** The input follows **

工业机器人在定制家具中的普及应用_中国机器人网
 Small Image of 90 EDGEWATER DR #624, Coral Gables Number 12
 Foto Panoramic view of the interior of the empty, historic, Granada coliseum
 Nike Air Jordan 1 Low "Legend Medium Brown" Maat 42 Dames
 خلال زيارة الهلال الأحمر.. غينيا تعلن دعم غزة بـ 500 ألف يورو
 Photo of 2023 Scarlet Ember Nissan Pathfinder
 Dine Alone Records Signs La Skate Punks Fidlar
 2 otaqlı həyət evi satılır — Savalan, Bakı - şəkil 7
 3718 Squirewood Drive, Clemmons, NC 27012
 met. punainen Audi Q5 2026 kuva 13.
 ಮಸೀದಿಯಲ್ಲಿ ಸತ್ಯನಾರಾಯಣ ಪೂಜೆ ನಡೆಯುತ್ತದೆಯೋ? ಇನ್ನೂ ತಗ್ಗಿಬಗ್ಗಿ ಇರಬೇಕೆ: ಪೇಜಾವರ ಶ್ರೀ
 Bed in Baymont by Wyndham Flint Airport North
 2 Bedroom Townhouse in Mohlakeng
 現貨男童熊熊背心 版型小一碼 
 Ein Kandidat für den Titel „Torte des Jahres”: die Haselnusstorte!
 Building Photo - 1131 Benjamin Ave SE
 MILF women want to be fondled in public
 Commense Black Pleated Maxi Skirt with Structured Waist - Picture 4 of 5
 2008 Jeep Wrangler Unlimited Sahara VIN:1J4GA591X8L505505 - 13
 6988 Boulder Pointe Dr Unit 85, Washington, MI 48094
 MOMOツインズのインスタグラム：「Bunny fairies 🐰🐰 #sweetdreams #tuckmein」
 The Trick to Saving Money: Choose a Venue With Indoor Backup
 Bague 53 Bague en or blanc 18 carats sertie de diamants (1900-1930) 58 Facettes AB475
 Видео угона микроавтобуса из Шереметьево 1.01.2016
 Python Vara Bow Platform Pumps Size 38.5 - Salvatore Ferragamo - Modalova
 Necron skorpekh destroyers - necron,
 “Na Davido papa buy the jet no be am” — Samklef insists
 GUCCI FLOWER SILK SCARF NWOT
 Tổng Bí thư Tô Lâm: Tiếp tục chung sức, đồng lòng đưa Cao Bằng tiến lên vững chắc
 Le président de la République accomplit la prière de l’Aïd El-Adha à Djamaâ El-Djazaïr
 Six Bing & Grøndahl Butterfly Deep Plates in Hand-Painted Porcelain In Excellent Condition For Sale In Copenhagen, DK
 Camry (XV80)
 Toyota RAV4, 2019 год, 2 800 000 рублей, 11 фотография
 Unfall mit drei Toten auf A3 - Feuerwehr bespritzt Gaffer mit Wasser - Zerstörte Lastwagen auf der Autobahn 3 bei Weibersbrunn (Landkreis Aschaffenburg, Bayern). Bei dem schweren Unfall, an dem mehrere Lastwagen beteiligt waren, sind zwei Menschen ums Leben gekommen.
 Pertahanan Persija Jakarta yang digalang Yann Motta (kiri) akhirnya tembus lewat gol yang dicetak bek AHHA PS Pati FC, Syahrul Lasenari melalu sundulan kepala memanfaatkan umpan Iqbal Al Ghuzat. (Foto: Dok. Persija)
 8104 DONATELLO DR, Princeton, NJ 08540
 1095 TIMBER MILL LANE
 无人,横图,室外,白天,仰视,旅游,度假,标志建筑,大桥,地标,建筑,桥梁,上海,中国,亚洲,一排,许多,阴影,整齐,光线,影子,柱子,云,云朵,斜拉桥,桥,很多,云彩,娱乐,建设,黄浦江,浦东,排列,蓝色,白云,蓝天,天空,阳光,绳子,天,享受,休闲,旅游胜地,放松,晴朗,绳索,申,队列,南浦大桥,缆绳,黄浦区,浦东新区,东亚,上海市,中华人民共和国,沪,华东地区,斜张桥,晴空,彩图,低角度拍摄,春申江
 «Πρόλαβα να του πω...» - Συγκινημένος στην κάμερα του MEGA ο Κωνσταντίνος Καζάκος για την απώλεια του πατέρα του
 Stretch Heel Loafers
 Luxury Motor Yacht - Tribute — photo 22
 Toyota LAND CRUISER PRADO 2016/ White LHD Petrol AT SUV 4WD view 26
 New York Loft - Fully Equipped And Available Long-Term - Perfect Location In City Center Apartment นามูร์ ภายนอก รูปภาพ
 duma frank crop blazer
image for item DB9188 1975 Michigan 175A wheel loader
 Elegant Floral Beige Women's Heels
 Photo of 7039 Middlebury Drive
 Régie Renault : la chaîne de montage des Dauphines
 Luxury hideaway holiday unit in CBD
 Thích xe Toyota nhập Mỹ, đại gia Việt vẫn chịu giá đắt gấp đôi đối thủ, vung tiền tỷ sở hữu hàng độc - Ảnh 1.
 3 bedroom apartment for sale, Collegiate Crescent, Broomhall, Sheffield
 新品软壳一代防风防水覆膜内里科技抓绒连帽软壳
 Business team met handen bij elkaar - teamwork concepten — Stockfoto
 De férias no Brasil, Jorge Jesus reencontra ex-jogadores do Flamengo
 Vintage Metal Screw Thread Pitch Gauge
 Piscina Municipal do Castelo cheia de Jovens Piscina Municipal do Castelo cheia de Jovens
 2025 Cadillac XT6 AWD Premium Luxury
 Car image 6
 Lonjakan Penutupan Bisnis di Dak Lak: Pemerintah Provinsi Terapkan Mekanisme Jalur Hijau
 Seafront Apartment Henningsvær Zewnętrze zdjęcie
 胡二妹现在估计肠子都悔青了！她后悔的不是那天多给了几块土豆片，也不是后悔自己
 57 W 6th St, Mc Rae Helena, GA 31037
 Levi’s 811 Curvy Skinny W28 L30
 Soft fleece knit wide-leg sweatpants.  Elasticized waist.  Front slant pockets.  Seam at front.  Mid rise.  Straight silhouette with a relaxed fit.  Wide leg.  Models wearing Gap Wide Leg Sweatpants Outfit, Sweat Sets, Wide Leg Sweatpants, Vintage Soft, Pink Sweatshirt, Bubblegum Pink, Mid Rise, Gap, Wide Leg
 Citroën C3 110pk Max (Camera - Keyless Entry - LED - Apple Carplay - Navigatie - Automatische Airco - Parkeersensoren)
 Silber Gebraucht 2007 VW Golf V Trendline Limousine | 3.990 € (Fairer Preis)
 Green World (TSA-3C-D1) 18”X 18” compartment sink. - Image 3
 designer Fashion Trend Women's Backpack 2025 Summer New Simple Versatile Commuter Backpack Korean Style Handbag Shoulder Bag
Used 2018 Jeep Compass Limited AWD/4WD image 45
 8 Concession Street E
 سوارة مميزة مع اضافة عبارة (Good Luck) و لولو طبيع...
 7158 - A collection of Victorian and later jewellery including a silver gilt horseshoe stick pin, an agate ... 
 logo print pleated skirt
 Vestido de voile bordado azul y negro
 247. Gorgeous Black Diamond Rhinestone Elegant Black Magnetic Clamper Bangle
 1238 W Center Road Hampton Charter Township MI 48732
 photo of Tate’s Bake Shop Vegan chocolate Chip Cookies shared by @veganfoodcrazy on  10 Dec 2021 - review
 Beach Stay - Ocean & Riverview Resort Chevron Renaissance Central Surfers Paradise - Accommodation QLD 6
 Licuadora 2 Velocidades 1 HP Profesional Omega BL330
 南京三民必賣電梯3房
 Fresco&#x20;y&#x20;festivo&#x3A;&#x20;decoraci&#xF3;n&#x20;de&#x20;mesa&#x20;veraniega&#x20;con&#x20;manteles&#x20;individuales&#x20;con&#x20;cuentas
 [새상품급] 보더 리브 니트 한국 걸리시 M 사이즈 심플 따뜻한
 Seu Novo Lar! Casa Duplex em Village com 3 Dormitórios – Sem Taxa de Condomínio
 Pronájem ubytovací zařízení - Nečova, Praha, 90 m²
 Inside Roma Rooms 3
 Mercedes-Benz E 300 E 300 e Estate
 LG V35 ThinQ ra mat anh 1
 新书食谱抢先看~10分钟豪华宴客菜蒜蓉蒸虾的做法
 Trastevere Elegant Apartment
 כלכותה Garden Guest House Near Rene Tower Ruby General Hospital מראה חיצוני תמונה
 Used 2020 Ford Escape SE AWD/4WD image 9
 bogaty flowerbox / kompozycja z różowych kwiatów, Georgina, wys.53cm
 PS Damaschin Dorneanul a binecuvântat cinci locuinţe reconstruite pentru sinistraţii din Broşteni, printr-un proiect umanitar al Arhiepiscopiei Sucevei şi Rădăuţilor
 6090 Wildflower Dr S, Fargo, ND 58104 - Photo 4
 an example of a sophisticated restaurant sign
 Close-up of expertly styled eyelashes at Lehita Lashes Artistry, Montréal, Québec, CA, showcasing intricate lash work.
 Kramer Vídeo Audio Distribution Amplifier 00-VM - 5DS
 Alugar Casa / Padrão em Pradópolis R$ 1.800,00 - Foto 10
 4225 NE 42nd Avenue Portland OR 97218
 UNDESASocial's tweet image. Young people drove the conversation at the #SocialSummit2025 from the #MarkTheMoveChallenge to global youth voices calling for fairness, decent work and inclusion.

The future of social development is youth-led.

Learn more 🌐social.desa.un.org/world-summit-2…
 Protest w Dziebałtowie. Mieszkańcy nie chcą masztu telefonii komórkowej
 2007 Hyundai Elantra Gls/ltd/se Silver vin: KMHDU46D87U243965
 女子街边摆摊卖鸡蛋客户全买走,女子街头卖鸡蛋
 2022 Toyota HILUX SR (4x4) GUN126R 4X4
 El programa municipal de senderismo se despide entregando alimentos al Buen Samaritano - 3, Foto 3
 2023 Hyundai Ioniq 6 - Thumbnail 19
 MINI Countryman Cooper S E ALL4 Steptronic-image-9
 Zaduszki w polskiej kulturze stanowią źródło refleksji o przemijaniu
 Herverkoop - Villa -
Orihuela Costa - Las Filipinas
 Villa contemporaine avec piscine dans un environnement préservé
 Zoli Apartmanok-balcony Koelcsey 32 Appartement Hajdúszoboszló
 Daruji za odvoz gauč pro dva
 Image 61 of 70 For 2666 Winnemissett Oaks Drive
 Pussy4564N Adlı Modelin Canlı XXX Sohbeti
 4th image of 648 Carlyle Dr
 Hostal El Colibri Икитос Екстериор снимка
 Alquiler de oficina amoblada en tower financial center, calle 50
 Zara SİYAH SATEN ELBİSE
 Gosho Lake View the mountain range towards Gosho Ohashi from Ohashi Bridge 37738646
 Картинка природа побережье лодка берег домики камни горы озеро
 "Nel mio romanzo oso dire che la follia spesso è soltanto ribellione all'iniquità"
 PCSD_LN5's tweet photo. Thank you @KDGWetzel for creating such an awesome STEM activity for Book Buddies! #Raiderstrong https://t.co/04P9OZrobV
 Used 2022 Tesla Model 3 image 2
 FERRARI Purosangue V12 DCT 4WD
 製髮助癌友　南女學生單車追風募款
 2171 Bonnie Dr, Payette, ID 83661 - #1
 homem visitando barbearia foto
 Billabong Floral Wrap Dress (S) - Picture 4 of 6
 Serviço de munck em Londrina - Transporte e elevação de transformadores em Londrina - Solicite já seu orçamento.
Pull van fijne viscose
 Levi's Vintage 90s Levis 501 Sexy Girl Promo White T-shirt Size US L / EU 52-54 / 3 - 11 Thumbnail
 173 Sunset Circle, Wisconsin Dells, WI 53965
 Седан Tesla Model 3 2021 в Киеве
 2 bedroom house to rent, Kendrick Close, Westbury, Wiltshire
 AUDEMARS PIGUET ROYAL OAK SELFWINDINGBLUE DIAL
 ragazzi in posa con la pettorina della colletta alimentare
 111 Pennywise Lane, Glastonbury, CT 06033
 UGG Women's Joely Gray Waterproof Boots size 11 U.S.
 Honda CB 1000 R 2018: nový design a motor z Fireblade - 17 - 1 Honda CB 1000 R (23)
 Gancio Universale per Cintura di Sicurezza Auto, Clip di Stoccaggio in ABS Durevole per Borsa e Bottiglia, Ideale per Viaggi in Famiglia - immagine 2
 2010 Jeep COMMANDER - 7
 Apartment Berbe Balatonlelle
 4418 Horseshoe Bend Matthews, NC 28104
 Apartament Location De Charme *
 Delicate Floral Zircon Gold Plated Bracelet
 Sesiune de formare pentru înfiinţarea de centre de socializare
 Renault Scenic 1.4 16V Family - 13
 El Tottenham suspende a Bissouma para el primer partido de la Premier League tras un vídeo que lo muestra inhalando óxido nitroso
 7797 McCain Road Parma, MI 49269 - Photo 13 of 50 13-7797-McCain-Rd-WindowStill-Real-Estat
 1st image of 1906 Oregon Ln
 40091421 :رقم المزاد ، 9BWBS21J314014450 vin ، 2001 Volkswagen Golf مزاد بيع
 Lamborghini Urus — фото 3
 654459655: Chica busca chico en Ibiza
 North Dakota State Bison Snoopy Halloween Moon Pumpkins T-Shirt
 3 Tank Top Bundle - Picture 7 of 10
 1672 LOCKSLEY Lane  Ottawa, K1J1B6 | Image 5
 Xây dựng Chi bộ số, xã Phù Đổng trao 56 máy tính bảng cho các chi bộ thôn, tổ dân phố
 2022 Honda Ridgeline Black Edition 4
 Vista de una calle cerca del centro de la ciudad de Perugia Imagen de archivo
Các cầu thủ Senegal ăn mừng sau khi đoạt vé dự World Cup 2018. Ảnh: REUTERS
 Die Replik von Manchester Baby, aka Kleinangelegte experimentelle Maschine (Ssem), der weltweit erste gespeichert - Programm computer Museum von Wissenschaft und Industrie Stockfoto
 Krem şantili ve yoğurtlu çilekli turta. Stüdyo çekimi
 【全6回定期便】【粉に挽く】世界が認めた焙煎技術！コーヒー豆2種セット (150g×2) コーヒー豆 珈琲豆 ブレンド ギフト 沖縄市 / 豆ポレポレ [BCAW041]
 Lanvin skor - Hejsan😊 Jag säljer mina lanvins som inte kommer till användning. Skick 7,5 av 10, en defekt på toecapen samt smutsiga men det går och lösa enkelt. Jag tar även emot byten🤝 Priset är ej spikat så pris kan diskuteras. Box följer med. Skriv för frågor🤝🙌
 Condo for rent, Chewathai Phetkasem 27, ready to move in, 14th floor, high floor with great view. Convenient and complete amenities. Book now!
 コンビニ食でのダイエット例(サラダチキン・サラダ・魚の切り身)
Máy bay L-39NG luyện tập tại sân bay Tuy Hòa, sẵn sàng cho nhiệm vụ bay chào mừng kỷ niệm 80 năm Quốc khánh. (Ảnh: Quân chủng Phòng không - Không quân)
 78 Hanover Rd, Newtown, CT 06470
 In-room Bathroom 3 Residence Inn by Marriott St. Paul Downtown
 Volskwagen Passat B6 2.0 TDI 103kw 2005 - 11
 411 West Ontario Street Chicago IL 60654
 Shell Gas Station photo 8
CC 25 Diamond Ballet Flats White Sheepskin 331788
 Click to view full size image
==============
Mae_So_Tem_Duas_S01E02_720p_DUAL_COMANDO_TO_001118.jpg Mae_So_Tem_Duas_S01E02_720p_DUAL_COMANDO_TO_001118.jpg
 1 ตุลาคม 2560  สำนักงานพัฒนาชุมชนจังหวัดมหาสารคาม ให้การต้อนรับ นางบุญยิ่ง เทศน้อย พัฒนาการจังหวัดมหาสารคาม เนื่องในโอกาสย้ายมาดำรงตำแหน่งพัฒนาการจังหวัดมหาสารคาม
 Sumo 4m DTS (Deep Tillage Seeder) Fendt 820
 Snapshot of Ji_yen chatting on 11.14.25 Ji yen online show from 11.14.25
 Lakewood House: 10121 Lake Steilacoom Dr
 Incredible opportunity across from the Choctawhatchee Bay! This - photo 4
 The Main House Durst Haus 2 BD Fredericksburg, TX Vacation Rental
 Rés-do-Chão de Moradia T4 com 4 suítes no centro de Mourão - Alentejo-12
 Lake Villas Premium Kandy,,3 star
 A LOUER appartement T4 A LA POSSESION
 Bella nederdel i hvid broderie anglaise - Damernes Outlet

** End of The input **

▶ Exercise requirements
Look through the records above and please copy every line in which the string "Golf" occurs.

▶ The answer
 Silber Gebraucht 2007 VW Golf V Trendline Limousine | 3.990 € (Fairer Preis)
 40091421 :رقم المزاد ، 9BWBS21J314014450 vin ، 2001 Volkswagen Golf مزاد بيع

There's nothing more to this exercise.